• What is expected
Leave the pictures out and repeat the rest of the data below exactly.

• Stored data

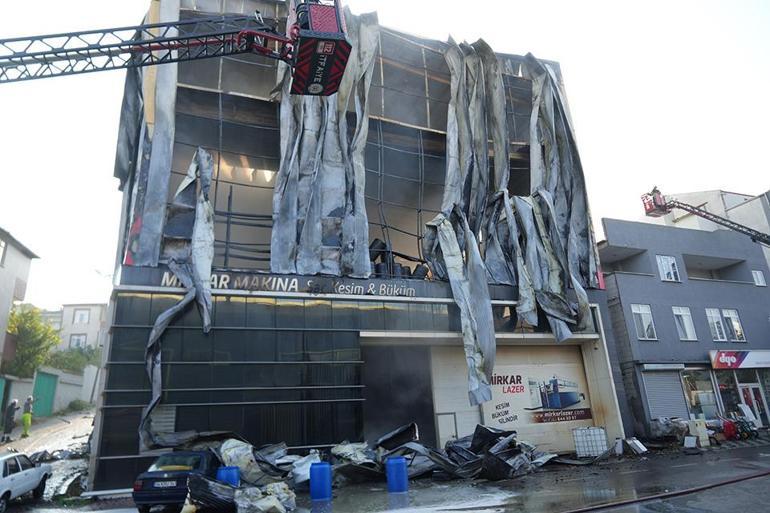 SON DAKİKA... Kocaelide parfüm deposunda yangın: 6 can kaybı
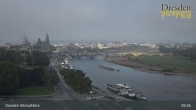 Archiv Foto Webcam Dresden Terrassenufer - Blick auf die Altstadt 04:00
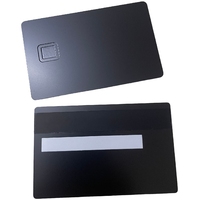 Carte de débit Visa vierge en métal miroir découpée au laser, noir, argent, or rose, or 24 carats, avec fente pour puce EMV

• Response to this exercise
 SON DAKİKA... Kocaelide parfüm deposunda yangın: 6 can kaybı
 Archiv Foto Webcam Dresden Terrassenufer - Blick auf die Altstadt 04:00
 Carte de débit Visa vierge en métal miroir découpée au laser, noir, argent, or rose, or 24 carats, avec fente pour puce EMV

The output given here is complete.